When the dispensing operation of the second reagent is started, the arm 41 is also lowered by the arm 35, and the tip of the tube 43 is immersed in the sample in the reaction container 1 to remove air bubbles from the sample. and stir.

When the pipette 32 completes the reagent dispensing operation, the arm 35' rises, and accordingly the arm 41 rises due to the biasing force of a spring (not shown), and the pipette 32 further rotates to the cleaning position (m). (counterclockwise in FIG. 1), the arm 41 also rotates clockwise in FIG. 1 and returned to its original position. At this time, using the rotational force of the arm 41, the tube 4 is cut by a cutter (not shown).
3 cuts are made. This cutting is done to eliminate contamination during measurement by cutting the contact portion of the tube 43 that has once contacted the sample as described above.
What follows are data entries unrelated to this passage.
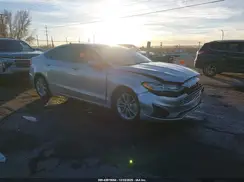 3FA6P0LUXKR242081 2019 FORD FUSION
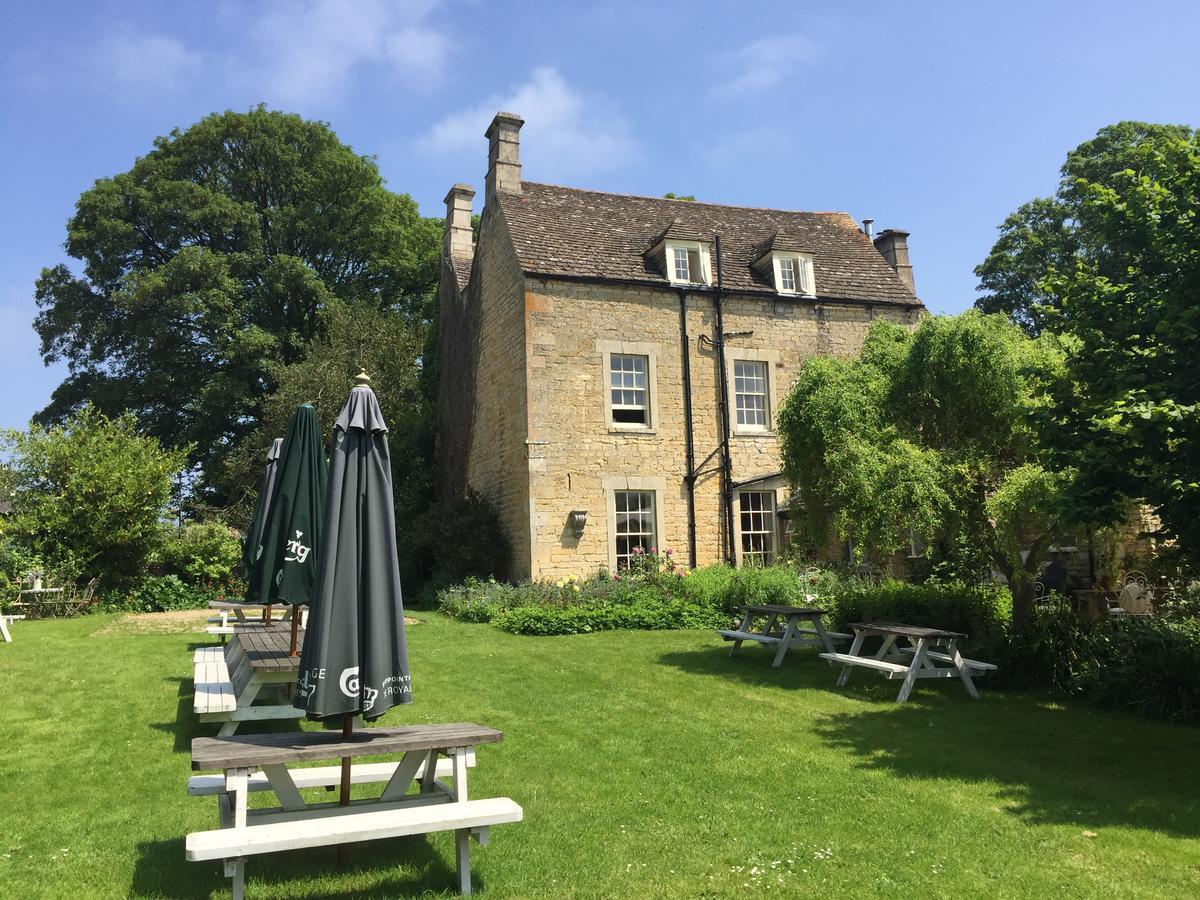 The Fox And Hounds Hotel Oakham Bagian luar foto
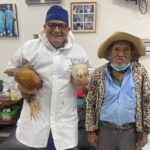 Un doctor recibe dos gallinas como ‘pago’ por una operación de próstata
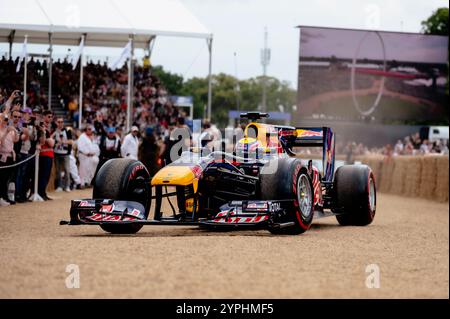 Mark Webber (aus) fährt den Red Bull RB6 beim Goodwood Festival of Speed Event 2024. Stockfoto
In the optical side localization a1e, predetermined optical measurements are performed according to the procedure described above, and analysis data is sent to the control unit CPU.

The disposal device is placed at the end of the transfer path of one reaction vessel L, and its configuration is a bottomed container with an opening at the top. rank i
It is discarded in the discard device iL at 1f.

The control unit CPU controls the operation of each device of the automatic analyzer HA, calculates and judges measurement signals, and also controls the first
In the figure, reference numeral 60 indicates a power supply, 61 indicates a cooling control unit, and 62 indicates a constant temperature control unit. The sample in each reaction vessel l is heated to biological temperature (approximately 37°C).

〔Effect of the invention〕

Since the present invention is constructed as described above, it is possible to easily obtain the reaction time course even with a so-called disposable type automatic analyzer, and as a result, the number of measurement items in this type of automatic analyzer can be easily obtained. This has many effects, such as greatly increasing the processing power and greatly improving the reliability of measurement accuracy in this type of automatic analyzer.

[Brief explanation of drawings]

FIG. 1 is an explanatory plan view schematically showing the configuration of an optical measuring device and an automatic analyzer suitable for the optical measuring device according to an embodiment of the present invention. [Explanation of code] N...Optical measurement device A...Automatic analyzer C.
...Reaction container transfer device l...Reaction container 50...Light source 51...Filter device 52...
Light receiving element 57...Unit 58...Detector moving device a...Sample dispensing position e...Optical measurement position Patent applicant Nichiku Engineering Co., Ltd.□

Claims (1)

[Claims] An optical measuring device of an automatic analyzer configured to linearly transport a reaction container to a sample dispensing position, a reagent dispensing position, and an optical measuring position at a predetermined timing, the device An optical measurement device characterized in that a light source and a light receiving element are arranged opposite to each other with a container transfer path in between, and are configured to be slidable along the longitudinal direction of the transfer path.